Hace veinte años se publicó 2666, novela póstuma de Roberto Bolaño. En ella, además de la maestría ficcional del autor, el tema central que atraviesa todo son los feminicidios de Ciudad Juárez —Santa Teresa, en la ficción—, suceso real ocurrido entre las décadas de 1990 y 2000. Se ha constatado que cientos de mujeres desaparecieron o fueron violentamente asesinadas sin explicación, ni hallados los culpables.
Un sinnúmero de investigadores locales e internacionales —incluido Robert Ressler, destacado criminólogo e inspiración de Mindhunter, de David Fincher—indagaron por explicaciones, teorizando e intentando dar certezas entre la incertidumbre. En la ficción, en cada capítulo de 2666 acecha la monstruosidad: Bolaño tensiona el arco narrativo, creando una atmósfera pesada y acalorada, vertiginosa y a paso cansino, violenta y desoladora, en la cual se percibe la presencia de un enemigo omnipresente y apenas visible a través de susurros. Lo monstruoso en la novela de Bolaño es exactamente lo que debería estremecer, cual azote frío que baja por la espalda, a Latinoamérica hoy: carreteras desoladas y cadáveres en zanjas; impunidad y justicia paralela; terrenos baldíos y cuerpos entre la basura; policías y jueces infiltrados por el narcodinero. En simple: descomposición institucional y ausencia de Estado.
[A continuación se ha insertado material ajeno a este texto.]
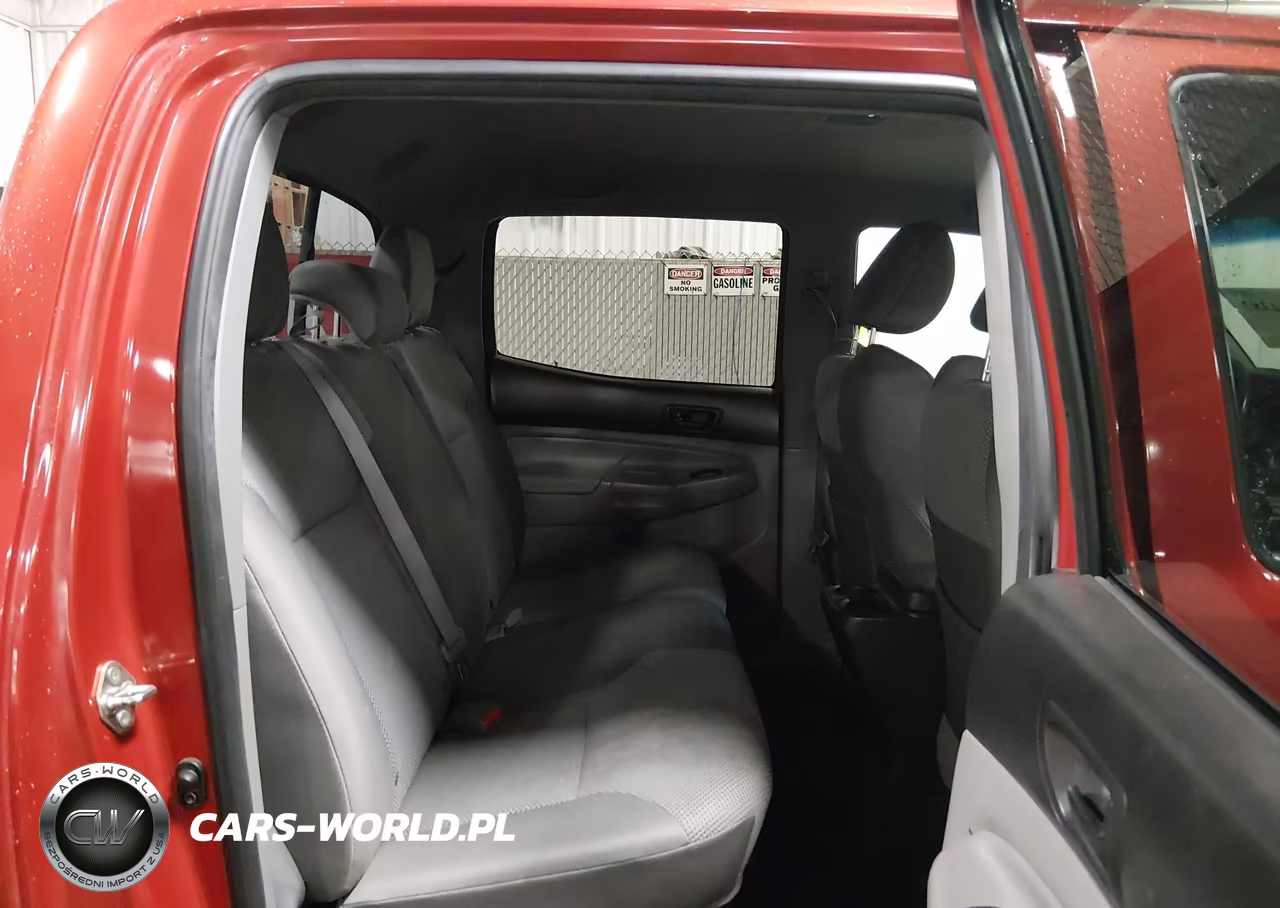 2014 Toyota Tacoma Base V6 VIN:3TMLU4EN6EM142080 - 8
Lo de Ecuador funciona como un reflejo —distorsionado— de un largo y rápido camino a un común despeñadero. La imagen de ese 9 de enero dio vueltas al mundo. Un canal de televisión tomado por soldados del narco, armados y encapuchados, intimidando a conductores, camarógrafos y televidentes en medio de la transmisión. Horror sin ficción. Y ahí, en medio de muerte y excepciones constitucionales, secuestros y balaceras en la Universidad de Guayaquil, toda Latinoamérica, recuperando algo de cordura, sintió al monstruo, cerca, pisando los talones. No es extraño que lo de Ecuador —estallido armado criminal— provocara una rápida reacción y altisonantes declaraciones que los medios latinoamericanos recogieron.
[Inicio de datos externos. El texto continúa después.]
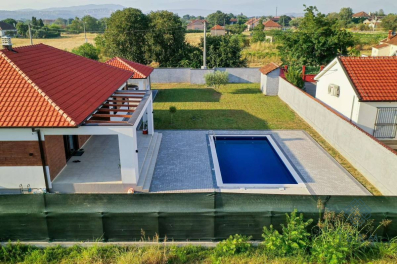 Podgorica, Donji Kokoti, kuća sa bazenom 200m2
La consternación y el horror empujaron la decisión de hacer frente al monstruo. “No somos Ecuador”, “estamos lejos de serlo”, resonó cual mantra por los palacios presidenciales. Pero lo cierto, y terrible, es que la literatura especializada pondera dichas aseveraciones. Solo como ejemplo: el crimen organizado no actúa de forma solitaria en un territorio, sino que se asocia con otros grupos, operan de forma transnacional y no reconocen fronteras (“El crimen en América Latina: desorden, fragmentación y transnacionalidad”, Uribe, 2021, o “La trata de personas en los Andes (…)”, Dammert-Guardia et al., 2020), además de que estas asociaciones tienen como finalidad la captura del Estado (“La captura del Estado peruano por el narcotráfico (…)”, Zúñiga, 2020). La acción de estos grupos organizados tiene décadas y ha permeado toda la región, probablemente infiltrándose en la médula institucional. De ahí, que el panorama es incierto no solo en Ecuador y los Estados deben hacerse presentes mediante políticas públicas eficientes e interrelacionadas: el problema no es solo policial y carcelario, sino cultural, educativo y, sobre todo, social.
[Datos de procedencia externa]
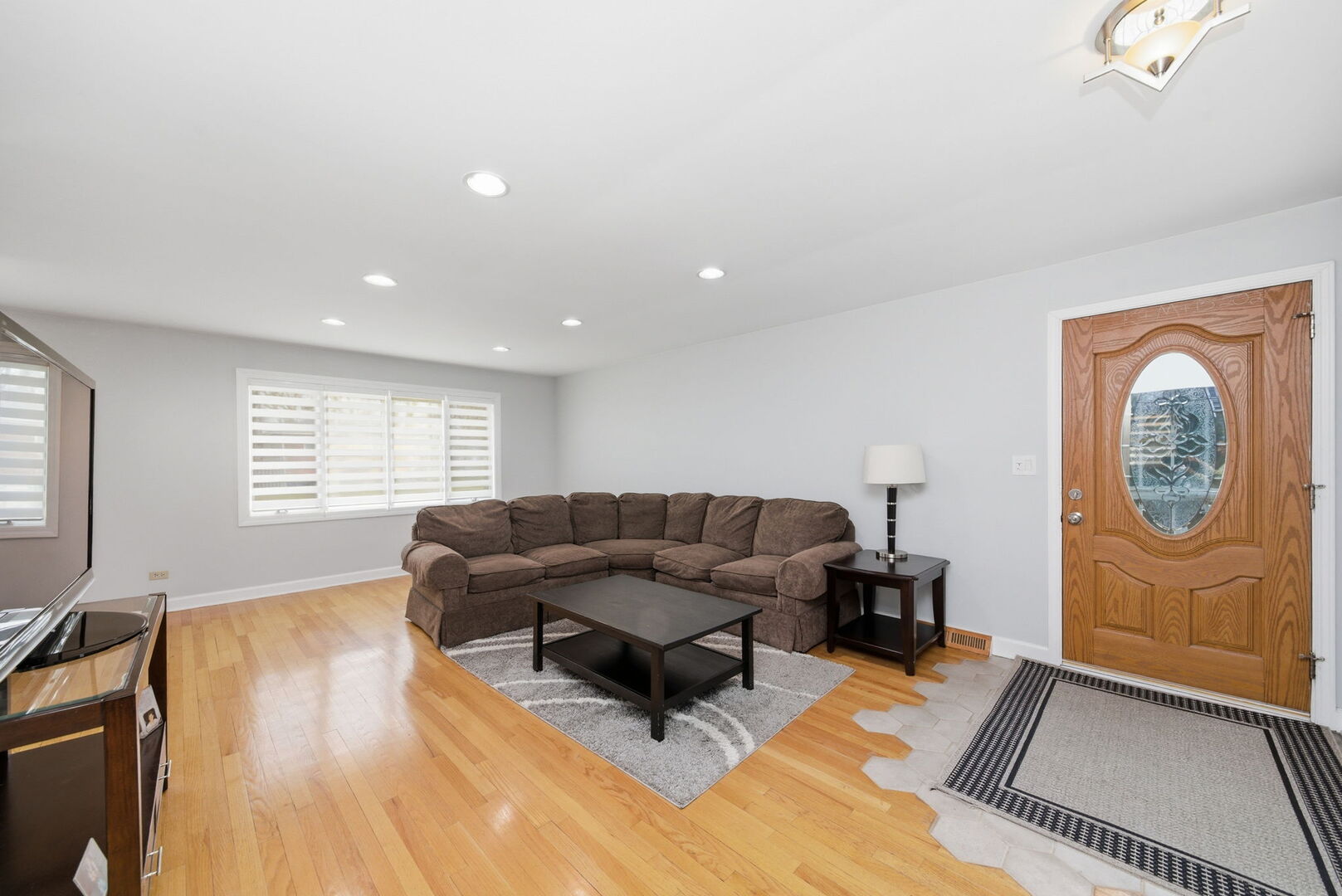 8512 Natchez Avenue, Burbank, IL 60459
Un Estado que desaparece social y culturalmente, irremediablemente entrega carreteras, zanjas, terrenos baldíos y ciudadanos a la oscuridad. Y, si leyésemos atentos, los monstruos que allí habitan —desde el narcotráfico hasta el populismo— llevan varios años al acecho, esperando la oportunidad de hacerse visibles.
Dr. Fabián Andrés Pérez Pérez, académico Departamento de Humanidades UNAB, Viña del Mar.